┌─ INPUT MATERIAL
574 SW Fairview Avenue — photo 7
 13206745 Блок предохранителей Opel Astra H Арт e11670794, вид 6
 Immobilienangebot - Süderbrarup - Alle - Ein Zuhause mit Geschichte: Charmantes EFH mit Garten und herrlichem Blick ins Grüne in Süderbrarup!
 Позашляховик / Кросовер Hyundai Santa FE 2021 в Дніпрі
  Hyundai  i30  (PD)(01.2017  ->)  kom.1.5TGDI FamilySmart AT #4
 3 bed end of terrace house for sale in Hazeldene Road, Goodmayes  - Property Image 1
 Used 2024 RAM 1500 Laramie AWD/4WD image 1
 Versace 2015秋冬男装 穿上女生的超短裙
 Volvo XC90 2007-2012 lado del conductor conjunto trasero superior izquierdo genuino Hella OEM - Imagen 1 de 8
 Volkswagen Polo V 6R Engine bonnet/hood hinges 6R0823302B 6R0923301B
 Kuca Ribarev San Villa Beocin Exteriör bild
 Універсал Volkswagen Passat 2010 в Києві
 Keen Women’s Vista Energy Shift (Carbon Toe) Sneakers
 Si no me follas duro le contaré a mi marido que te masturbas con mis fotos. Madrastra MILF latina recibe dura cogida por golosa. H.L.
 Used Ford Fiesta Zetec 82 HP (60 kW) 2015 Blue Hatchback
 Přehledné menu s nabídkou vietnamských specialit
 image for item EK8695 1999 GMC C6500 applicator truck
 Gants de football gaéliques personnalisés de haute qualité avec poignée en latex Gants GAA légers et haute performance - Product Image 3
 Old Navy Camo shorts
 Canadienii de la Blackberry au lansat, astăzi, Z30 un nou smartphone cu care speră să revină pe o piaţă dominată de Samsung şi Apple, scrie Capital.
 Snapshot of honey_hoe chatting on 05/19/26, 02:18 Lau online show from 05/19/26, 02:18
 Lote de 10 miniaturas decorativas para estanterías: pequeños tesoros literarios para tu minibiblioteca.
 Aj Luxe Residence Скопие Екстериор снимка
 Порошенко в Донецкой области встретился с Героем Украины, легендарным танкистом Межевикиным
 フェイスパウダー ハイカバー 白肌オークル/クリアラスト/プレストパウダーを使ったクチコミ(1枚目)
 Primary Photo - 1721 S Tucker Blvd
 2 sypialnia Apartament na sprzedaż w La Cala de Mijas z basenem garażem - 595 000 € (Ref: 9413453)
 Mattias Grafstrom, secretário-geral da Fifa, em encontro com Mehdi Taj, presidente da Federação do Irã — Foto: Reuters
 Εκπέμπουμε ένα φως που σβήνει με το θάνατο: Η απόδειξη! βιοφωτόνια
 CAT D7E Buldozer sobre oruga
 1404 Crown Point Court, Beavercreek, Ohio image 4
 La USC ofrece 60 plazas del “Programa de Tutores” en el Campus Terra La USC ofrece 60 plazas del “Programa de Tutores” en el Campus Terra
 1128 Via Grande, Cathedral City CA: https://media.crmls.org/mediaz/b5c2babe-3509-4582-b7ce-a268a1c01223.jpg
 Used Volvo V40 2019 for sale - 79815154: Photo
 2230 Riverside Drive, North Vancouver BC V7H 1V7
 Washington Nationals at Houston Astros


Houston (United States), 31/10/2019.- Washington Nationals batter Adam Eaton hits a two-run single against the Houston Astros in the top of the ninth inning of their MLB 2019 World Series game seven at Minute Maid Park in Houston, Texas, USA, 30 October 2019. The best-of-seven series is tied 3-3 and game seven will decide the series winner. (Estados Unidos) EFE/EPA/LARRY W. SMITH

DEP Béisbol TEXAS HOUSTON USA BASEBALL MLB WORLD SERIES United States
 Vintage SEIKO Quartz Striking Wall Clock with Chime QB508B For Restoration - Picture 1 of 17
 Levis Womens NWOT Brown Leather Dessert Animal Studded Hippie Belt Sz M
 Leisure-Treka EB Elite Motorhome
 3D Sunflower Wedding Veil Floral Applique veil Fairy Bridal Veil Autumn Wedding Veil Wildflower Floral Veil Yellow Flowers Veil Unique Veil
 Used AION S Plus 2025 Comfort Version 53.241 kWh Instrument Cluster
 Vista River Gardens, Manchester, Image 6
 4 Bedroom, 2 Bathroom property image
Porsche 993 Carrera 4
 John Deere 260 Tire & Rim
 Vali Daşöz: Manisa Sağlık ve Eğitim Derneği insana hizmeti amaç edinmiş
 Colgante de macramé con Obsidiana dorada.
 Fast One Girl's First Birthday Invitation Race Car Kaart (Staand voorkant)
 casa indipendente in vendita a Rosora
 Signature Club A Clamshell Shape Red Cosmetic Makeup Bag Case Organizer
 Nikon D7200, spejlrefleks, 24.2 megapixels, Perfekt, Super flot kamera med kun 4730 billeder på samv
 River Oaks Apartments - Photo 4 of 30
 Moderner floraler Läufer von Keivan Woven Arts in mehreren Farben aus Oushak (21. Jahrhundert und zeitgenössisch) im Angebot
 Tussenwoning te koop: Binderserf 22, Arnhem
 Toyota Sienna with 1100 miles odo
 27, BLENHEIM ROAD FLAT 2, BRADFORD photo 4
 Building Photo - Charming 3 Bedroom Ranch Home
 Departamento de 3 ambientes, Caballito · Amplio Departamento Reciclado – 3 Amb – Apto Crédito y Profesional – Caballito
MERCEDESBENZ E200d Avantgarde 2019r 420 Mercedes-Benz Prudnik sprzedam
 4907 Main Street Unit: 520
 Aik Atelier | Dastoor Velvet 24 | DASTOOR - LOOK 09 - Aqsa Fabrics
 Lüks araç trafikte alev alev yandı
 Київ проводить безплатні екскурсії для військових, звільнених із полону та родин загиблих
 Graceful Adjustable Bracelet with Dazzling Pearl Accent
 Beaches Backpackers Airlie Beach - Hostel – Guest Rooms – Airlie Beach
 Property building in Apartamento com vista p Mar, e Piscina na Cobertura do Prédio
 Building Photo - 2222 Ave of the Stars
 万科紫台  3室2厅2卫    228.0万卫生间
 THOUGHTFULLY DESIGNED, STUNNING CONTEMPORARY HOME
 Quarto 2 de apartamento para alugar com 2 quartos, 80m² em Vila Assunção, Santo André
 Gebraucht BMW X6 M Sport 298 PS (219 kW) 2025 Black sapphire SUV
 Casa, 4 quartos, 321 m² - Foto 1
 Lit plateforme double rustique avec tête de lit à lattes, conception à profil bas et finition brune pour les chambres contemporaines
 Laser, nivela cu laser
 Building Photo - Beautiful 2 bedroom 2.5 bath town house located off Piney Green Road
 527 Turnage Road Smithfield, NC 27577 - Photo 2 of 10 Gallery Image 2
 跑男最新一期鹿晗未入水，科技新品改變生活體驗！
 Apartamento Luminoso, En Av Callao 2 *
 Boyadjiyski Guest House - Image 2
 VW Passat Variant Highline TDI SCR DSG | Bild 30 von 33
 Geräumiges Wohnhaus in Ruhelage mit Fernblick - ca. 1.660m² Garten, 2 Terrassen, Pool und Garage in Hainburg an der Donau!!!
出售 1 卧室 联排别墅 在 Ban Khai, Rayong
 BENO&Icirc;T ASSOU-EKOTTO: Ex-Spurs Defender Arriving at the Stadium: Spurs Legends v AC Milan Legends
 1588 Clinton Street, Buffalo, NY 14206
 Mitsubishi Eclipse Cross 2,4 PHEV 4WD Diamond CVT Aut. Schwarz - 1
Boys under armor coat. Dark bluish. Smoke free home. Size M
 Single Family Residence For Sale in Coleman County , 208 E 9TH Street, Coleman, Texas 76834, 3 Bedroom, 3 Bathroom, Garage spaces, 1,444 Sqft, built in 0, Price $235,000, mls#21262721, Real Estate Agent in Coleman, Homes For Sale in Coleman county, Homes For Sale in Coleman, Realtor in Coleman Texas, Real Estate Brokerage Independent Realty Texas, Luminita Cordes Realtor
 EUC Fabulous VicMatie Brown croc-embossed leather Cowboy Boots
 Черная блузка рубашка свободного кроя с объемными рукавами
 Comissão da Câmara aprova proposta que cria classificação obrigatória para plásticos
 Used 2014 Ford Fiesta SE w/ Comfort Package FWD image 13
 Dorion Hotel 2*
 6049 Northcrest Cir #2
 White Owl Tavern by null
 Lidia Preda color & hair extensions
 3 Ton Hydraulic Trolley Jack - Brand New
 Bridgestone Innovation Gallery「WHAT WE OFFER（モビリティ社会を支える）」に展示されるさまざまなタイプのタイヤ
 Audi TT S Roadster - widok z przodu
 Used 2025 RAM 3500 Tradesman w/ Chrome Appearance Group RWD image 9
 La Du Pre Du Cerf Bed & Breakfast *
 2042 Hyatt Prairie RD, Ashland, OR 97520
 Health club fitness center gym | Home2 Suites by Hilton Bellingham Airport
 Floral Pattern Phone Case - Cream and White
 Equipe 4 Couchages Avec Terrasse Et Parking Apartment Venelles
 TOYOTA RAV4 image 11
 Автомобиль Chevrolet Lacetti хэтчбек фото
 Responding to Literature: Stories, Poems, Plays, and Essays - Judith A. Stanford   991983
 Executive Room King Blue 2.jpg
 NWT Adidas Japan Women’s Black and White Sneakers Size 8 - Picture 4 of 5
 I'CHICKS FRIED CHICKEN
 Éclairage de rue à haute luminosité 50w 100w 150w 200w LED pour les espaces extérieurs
└─
— GOAL OF THE EXERCISE —
Gather, from the listing above, every line carrying the word "para".

— RESULT —
 Lote de 10 miniaturas decorativas para estanterías: pequeños tesoros literarios para tu minibiblioteca.
 Quarto 2 de apartamento para alugar com 2 quartos, 80m² em Vila Assunção, Santo André
 Comissão da Câmara aprova proposta que cria classificação obrigatória para plásticos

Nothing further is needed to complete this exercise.